▶ **TASK GOAL**: Only these lines of the data below are wanted: the one with "Used 2025 Nissan Kicks SV image 33", the one with "Property building in", and any lines between them, each repeated exactly.

▶ **RECORDED DATA**:
= = = =
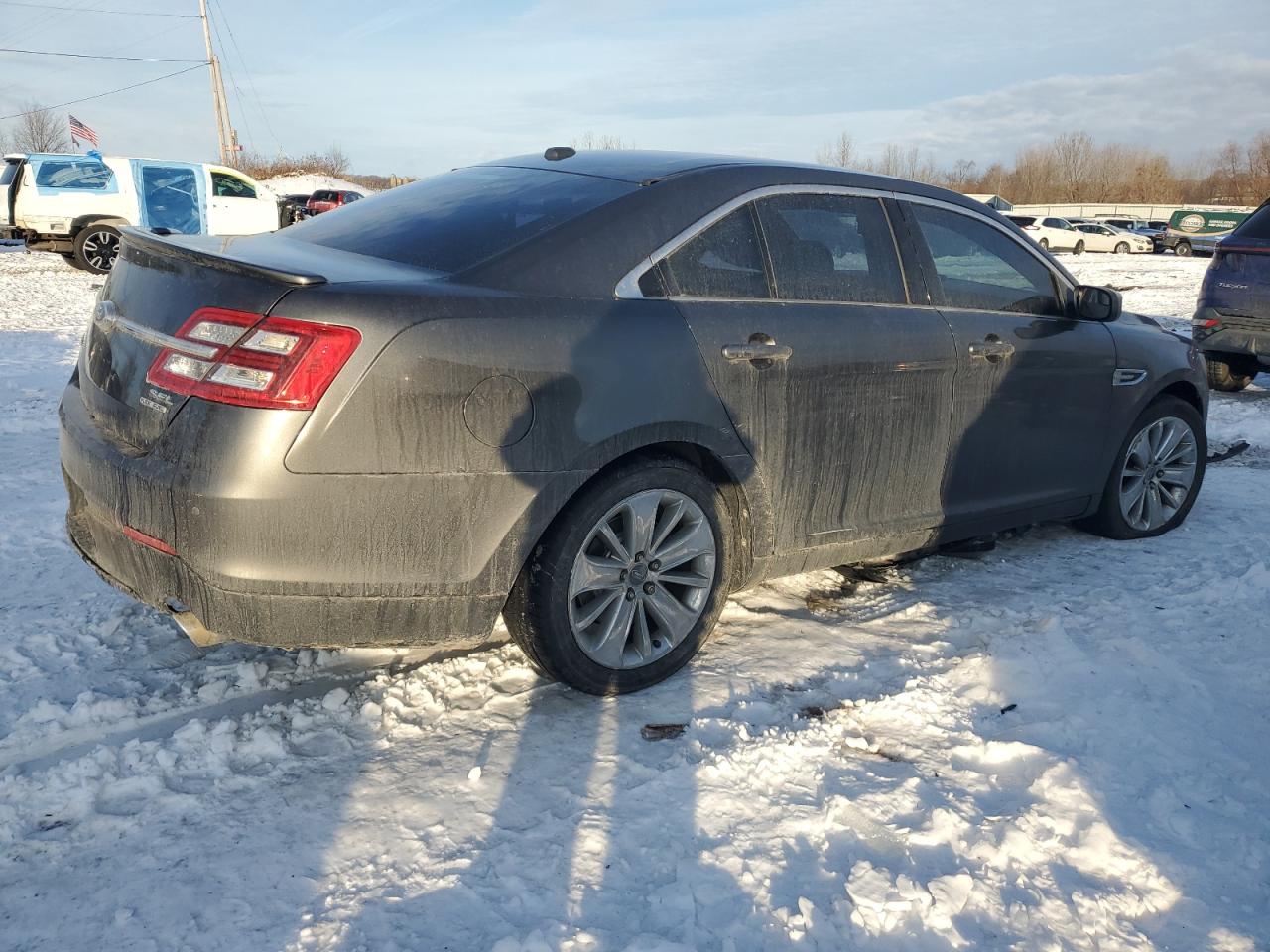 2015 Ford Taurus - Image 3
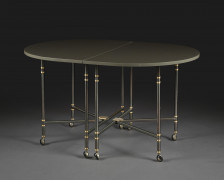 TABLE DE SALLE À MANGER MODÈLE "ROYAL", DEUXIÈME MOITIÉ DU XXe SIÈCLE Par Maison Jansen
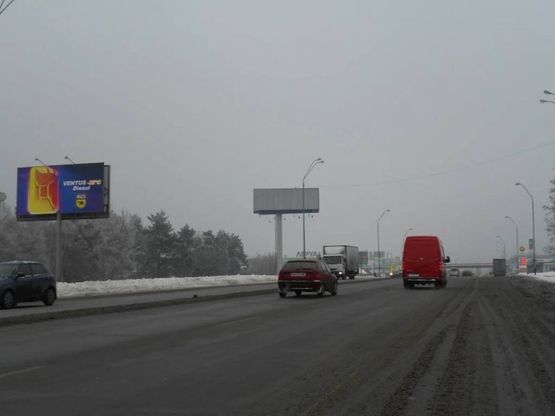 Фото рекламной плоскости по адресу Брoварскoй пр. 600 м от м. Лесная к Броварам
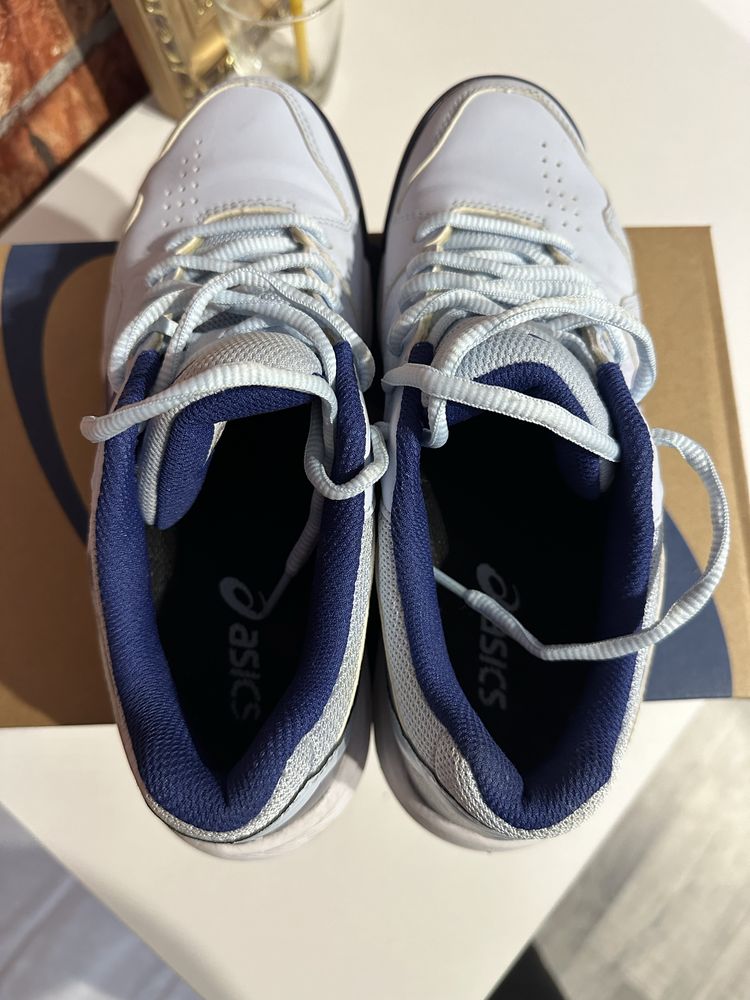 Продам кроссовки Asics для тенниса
= = = =
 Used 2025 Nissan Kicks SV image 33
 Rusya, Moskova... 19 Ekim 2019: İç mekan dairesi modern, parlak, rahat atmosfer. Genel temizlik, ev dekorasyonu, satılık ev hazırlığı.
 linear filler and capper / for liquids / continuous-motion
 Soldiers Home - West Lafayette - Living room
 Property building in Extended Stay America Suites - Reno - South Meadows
= = = =
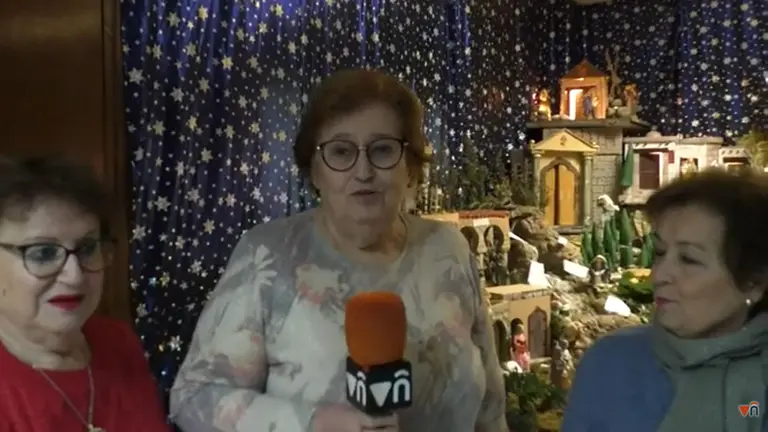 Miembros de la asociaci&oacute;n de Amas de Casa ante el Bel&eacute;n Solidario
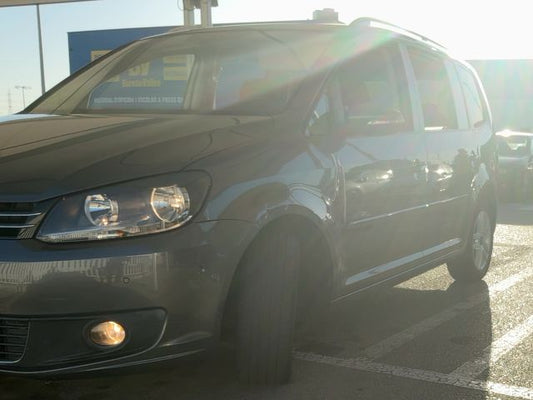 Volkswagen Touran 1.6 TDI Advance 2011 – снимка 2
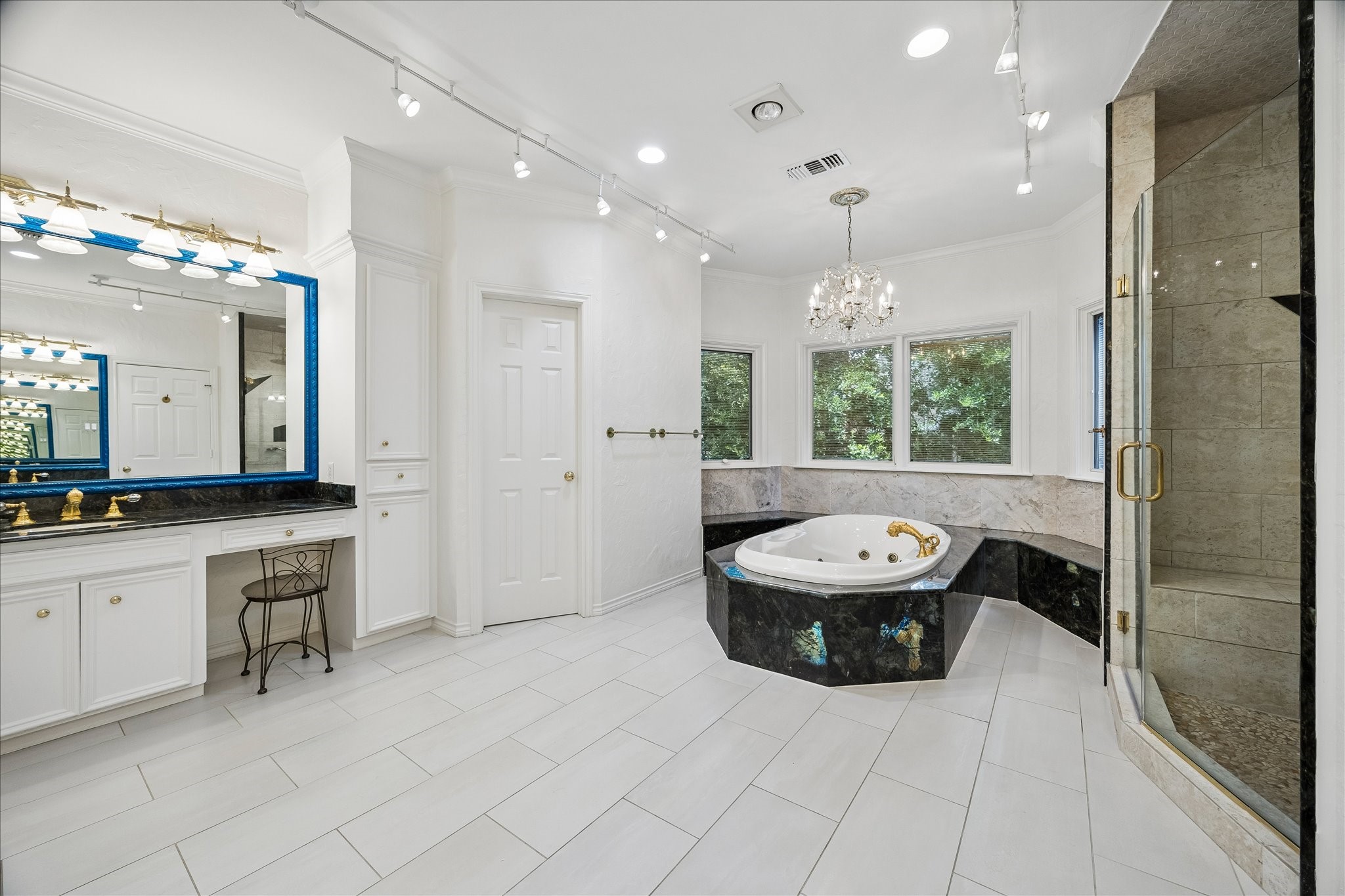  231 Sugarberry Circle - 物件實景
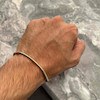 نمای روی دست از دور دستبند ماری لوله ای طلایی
= = = =
▶ **EXERCISE SOLUTION**:
 Used 2025 Nissan Kicks SV image 33
 Rusya, Moskova... 19 Ekim 2019: İç mekan dairesi modern, parlak, rahat atmosfer. Genel temizlik, ev dekorasyonu, satılık ev hazırlığı.
 linear filler and capper / for liquids / continuous-motion
 Soldiers Home - West Lafayette - Living room
 Property building in Extended Stay America Suites - Reno - South Meadows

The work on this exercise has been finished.